#### Aim of the task
Copy out all the lines in the records that include the word "Class".

[Web page caption snippets]
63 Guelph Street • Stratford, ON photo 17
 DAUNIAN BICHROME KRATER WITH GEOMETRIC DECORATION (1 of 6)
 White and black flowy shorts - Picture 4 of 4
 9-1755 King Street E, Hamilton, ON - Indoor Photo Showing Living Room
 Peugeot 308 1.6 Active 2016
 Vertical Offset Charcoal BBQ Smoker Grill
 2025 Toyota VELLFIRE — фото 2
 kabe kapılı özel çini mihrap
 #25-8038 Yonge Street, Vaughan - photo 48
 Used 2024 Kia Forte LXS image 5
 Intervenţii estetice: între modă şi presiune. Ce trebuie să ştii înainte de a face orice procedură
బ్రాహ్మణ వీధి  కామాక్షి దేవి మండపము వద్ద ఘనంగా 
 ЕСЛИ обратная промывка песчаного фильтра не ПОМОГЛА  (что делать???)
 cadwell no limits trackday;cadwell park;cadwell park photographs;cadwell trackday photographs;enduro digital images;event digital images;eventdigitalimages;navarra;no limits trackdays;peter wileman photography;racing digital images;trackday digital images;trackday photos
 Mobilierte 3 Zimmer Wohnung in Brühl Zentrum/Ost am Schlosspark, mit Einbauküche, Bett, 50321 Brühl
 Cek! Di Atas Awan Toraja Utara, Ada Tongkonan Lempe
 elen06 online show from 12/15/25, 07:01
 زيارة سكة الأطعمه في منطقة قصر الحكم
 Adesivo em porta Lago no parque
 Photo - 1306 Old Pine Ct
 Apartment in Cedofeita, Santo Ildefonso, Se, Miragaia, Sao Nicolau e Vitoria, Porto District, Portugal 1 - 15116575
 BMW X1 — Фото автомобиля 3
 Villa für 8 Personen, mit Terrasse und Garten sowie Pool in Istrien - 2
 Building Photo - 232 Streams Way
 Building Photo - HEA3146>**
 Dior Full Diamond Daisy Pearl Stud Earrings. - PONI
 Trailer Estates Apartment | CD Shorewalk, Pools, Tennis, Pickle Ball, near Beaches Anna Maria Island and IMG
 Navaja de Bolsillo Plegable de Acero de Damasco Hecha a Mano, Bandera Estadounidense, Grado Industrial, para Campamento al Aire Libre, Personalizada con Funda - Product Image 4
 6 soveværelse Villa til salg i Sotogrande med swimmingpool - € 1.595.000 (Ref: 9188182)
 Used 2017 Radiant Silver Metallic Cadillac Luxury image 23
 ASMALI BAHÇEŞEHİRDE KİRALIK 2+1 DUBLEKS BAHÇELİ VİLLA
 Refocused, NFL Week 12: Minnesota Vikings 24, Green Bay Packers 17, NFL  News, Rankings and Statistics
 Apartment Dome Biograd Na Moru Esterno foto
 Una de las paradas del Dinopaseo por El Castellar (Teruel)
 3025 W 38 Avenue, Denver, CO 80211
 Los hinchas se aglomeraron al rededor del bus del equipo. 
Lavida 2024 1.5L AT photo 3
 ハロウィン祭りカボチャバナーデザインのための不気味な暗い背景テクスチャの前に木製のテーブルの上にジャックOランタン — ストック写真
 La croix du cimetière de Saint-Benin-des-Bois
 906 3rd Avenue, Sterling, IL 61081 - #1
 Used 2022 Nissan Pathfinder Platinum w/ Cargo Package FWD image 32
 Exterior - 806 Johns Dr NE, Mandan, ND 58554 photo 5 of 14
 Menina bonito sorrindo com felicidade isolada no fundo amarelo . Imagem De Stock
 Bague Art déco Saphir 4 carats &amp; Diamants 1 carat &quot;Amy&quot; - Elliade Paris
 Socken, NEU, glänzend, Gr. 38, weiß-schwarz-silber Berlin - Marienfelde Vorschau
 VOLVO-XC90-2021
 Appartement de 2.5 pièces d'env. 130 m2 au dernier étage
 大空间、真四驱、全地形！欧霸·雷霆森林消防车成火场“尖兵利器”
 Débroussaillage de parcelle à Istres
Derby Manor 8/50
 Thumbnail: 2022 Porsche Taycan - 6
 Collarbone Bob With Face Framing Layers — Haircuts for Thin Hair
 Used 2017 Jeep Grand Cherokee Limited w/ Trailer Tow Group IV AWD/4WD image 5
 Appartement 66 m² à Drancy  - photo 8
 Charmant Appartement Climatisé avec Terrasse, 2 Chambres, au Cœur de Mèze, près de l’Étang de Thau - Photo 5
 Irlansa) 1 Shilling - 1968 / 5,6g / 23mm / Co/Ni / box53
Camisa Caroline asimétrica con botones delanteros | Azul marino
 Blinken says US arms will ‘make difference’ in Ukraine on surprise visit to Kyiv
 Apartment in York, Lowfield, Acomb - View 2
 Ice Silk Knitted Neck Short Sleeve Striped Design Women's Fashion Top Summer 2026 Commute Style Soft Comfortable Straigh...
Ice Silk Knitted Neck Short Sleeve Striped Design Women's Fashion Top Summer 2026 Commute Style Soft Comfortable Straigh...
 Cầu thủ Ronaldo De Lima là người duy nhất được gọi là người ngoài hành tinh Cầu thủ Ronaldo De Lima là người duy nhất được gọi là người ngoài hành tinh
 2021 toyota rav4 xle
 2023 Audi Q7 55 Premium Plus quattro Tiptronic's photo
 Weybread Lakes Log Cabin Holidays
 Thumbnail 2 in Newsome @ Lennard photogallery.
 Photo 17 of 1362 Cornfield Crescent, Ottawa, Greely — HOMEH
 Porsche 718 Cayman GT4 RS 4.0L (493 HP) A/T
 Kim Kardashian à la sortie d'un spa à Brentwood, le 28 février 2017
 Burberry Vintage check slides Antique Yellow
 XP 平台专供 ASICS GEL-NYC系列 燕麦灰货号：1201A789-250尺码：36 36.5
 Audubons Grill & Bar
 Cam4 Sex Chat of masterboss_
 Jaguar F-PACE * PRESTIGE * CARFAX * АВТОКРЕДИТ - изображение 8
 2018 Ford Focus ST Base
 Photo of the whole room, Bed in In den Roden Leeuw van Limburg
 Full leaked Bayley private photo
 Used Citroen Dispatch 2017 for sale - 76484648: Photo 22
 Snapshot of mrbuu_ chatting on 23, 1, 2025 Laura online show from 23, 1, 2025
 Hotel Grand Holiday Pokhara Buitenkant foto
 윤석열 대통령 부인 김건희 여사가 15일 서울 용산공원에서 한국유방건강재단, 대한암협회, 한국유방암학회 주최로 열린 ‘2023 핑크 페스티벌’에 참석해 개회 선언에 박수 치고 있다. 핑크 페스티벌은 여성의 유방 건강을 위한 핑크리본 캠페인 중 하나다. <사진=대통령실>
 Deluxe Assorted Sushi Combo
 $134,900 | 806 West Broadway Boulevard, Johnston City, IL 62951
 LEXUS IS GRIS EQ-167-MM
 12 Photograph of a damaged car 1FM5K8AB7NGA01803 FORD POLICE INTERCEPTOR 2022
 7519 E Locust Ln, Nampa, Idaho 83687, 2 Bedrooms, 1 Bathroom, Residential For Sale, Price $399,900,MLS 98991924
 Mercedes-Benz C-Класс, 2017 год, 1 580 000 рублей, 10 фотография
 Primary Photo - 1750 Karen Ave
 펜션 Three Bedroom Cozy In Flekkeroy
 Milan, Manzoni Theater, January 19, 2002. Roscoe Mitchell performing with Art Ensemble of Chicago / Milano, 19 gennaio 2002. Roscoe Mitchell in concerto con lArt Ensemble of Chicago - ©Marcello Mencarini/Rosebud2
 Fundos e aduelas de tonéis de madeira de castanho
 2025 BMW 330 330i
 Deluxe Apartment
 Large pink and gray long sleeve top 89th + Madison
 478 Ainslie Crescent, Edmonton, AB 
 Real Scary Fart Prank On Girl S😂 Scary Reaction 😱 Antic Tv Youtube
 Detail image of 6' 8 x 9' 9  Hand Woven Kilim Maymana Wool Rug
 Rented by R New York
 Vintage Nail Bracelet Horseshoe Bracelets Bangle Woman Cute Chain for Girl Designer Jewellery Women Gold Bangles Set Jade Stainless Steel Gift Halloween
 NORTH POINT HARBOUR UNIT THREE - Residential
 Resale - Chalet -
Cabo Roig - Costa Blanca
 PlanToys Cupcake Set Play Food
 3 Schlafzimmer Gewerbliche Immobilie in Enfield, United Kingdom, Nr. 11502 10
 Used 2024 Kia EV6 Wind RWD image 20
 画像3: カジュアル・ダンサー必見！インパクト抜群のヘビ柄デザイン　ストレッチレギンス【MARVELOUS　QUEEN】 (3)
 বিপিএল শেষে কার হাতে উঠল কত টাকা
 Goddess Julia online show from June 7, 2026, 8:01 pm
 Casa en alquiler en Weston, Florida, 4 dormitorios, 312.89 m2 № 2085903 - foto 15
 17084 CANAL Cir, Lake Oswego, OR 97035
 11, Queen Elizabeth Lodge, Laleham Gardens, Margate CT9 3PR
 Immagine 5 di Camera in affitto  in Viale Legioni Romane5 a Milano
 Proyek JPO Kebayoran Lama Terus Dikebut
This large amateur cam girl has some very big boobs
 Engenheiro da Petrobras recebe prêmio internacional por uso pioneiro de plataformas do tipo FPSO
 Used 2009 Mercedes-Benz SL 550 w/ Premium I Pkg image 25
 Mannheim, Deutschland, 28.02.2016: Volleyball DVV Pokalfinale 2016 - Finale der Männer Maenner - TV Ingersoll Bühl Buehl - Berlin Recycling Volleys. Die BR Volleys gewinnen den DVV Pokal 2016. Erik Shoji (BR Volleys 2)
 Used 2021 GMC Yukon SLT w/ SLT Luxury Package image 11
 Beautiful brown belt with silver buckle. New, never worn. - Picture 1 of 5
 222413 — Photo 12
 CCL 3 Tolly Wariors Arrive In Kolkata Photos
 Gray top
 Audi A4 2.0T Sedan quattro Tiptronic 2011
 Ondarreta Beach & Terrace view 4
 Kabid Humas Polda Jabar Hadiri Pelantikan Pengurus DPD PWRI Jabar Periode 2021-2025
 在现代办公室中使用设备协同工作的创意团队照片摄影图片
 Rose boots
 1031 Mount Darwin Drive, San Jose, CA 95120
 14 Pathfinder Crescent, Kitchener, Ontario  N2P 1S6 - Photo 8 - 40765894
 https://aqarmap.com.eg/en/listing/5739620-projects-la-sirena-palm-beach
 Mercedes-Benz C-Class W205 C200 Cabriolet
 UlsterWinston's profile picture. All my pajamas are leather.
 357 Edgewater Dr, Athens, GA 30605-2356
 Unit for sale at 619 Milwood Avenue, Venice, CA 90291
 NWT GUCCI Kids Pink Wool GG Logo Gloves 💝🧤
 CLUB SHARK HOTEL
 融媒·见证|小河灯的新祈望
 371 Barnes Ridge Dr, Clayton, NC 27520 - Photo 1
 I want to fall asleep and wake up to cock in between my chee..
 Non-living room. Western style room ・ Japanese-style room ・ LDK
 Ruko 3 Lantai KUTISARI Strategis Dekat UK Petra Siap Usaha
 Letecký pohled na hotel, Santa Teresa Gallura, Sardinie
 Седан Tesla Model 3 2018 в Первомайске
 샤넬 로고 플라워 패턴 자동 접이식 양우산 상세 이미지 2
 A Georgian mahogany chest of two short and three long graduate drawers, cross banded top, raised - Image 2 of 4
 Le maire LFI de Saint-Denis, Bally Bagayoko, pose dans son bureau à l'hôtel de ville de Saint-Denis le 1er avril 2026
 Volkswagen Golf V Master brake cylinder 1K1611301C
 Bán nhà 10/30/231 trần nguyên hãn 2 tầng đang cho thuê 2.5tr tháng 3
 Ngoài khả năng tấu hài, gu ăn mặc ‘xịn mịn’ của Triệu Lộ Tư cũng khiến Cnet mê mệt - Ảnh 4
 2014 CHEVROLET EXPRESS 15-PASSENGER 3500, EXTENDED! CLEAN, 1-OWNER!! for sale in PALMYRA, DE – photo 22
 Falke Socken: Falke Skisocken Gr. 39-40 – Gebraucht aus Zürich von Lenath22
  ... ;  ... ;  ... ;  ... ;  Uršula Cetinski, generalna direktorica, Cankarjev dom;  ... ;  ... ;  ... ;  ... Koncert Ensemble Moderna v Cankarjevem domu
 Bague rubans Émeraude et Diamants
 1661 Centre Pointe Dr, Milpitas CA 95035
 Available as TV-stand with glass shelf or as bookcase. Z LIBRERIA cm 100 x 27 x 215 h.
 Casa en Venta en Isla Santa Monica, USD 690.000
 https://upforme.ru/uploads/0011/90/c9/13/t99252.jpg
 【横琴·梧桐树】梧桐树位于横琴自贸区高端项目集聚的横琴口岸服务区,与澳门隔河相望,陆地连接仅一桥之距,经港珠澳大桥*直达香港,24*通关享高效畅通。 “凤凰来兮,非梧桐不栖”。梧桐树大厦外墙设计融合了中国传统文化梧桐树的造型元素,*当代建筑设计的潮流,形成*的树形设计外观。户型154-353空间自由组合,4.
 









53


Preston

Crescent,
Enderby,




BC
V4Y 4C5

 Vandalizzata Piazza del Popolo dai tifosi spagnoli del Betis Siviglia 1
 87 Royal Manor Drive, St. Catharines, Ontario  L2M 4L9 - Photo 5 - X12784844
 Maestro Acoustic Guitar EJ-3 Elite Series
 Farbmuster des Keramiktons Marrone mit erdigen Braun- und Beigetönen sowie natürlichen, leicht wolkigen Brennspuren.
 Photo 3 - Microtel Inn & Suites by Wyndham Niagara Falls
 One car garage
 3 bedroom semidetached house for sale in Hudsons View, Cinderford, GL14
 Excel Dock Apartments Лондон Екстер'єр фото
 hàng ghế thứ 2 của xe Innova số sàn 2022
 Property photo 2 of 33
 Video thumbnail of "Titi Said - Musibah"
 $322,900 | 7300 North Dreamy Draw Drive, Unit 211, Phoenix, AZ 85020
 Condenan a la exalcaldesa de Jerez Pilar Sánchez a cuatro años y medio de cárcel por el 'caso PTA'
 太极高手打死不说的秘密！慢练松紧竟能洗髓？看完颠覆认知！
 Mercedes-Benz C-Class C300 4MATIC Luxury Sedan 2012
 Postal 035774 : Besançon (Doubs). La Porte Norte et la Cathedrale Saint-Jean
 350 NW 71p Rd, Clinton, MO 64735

#### The answer
 Mercedes-Benz C-Class W205 C200 Cabriolet
 Mercedes-Benz C-Class C300 4MATIC Luxury Sedan 2012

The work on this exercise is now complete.